16 years 12 months ago

In reply to by libcom.org

Submitted by heartskat on April 25, 2007

The Comité d'entreprise is an obligation for companies with 50 and more staff. Not for the others. representatives and nominees don't have to be in a representative union. They even don't need to be in a union.

There is also this things that fucks us up and it is called "délégation unique" which means that the shopstewards are also the staff rep in the Comité. This is not laways the case, often the shopstewards and the staff rep are not the same persons.

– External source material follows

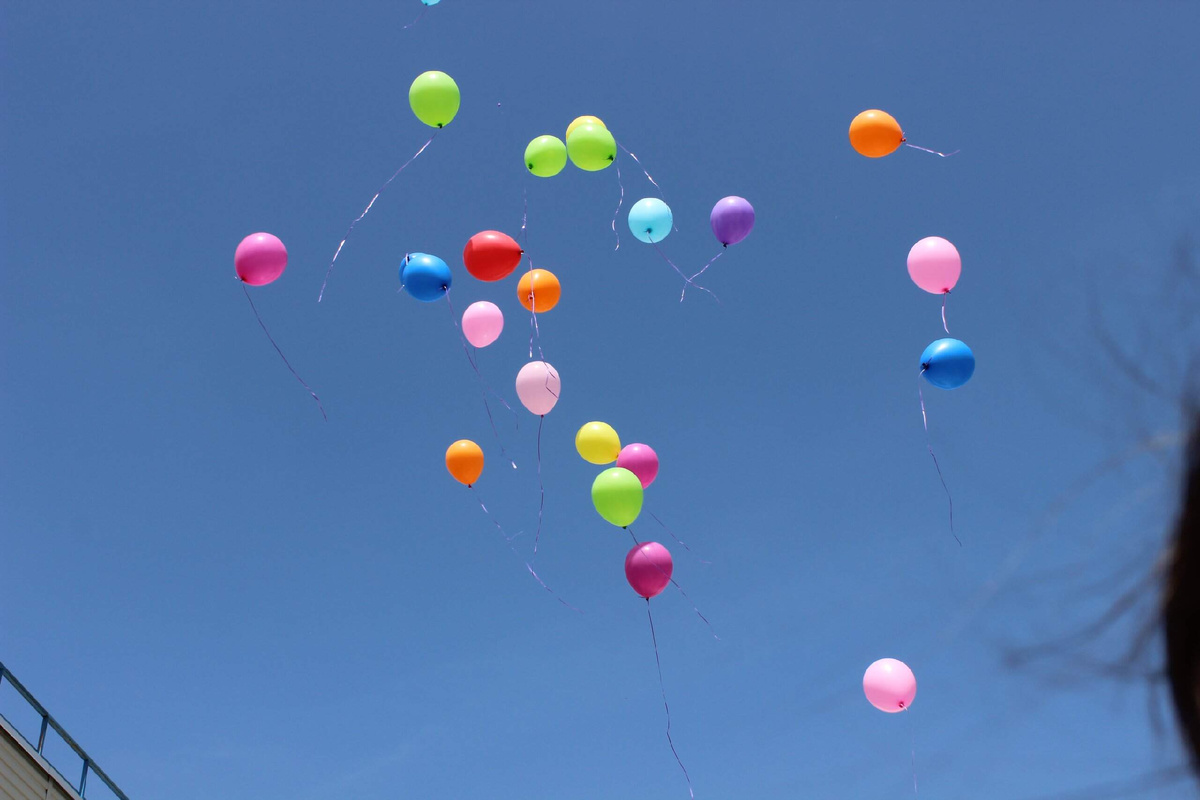 Фото автора , на выпускных внуков всегда бываю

I used to be shopsteward ( for the CNT "Vignoles", we are reformist you see) when the company I worked for had less than 50 workers. When I was shopsteward the workers number rose ( not because I was shopsteward) so the bosses had to call for an election for a comité d'entreprise. This was perfect because we were in the middle of this debate within the Confédération. I was not too keen on the whole Comité d'Entreprise ( you do organise more picnics that do syndicalist work and that's the whole purpose of the Comité). We have three work sites ( same city) for the same company. The bosses before the elctions told me that even if I won ( like last time, well ahead of the CGT) I will not be able to stay shopsteward because a) it will be a "délégation unique" which means I could not stay shopsteward without becoming part of this atrocious " cogestion" structure and b) because even if I was ok with that, there was no way we could elect a rep or shopsteward from my worksite!!
I did not even bother. A year letter I slammed the door after going into a fight with my manager...

The story is here to show that today, in france, the comité d'entreprise will be the only place where the future of the workers will be discussed. I understand people who are tempted to join it ( you are not paid though). The CNT in france has decided not to join a structure like that. We are the only union to refuse participating to Comité d'Entreprise.